I guess the reason is that if you can only do one dance (like the one you learned for your wedding party) you’re not really considered a dancer. Now, just like the previously mentioned IT methods, these dances are distinctly different. However, they do share a standard vocabulary, standard exams and common framework of reference.

Now in Holland, if we have two people with a joint idea they start an association (or maybe a “coffee”-shop). And if two guys across the river have a similar idea, they start one too. Of course in our Dutch melting pot of cultures, we have historically had a good reason for all these separate associations: one was Catholic, one reformed, one Protestant, one Lutheran, one Jewish and one typically atheist (a.k.a. communist/socialist). But what is our excuse in IT to have so many?
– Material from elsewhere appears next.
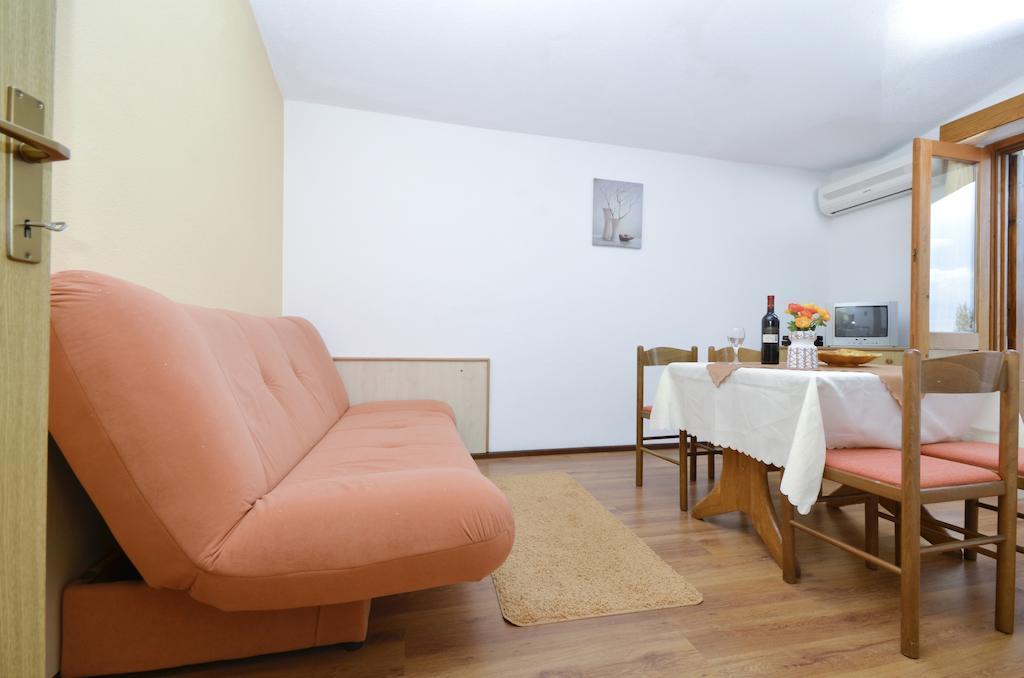 Apartments Ana Baška Voda Szoba fotó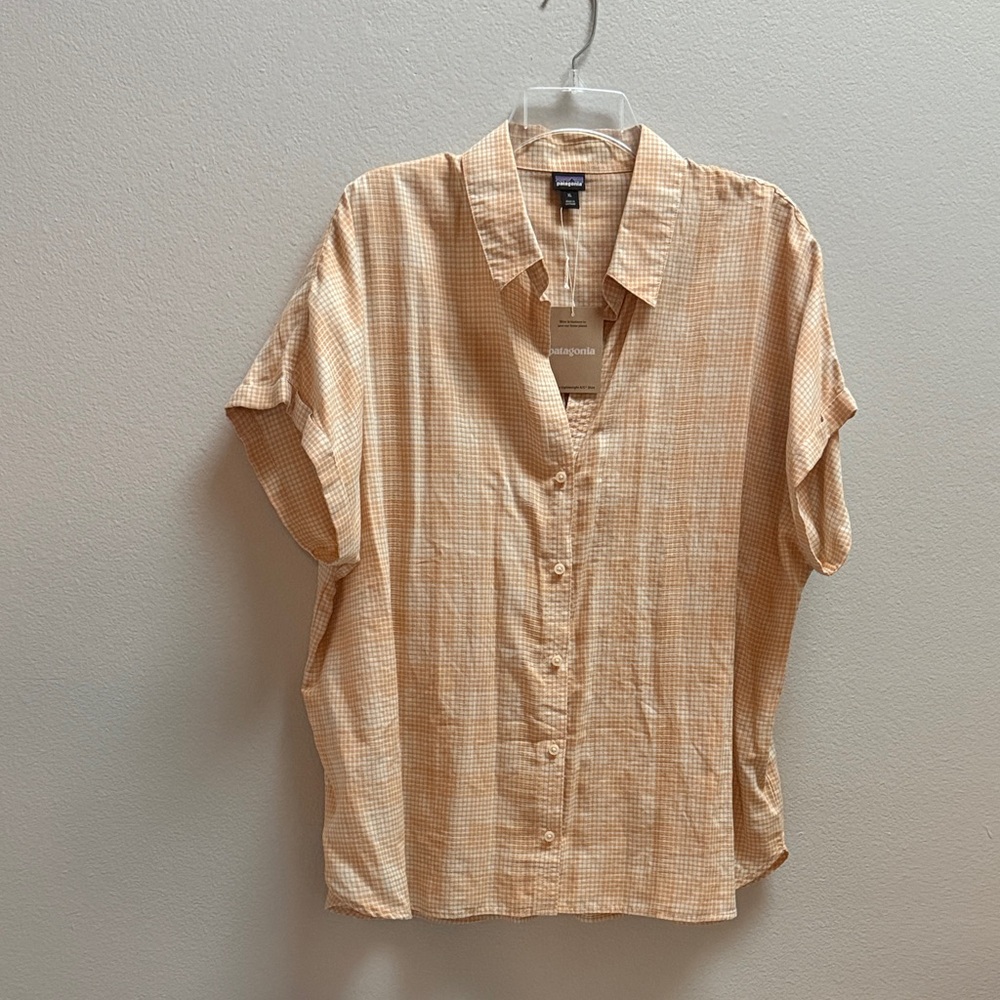 Patagonia Light Peach Check Short Sleeve Button-Up Top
There are some promising signs we are coming to our senses in IT. Maybe the credit crunch crisis has some benefit after all? The PMI (member wise one of the largest bodies) is looking over the wall, by participating in Agile2009, presenting at Fusion09 and even attending the Gartner PPM summit. CobIT and ITIL have published guidance on how they best work together. The DSDM Consortium Benelux is now also the Agile Consortium i.o. And a relatively new movement like Lean is bridging the very different worlds (or should we rather say different galaxies) of IT development and IT operations.

Should we, in that case, not also strive for integral certifications, having people with a balanced knowledge across several related topics? The least it would do is cater for shorter business cards (for the few people with more acronyms behind their name than there are letters in the alphabet).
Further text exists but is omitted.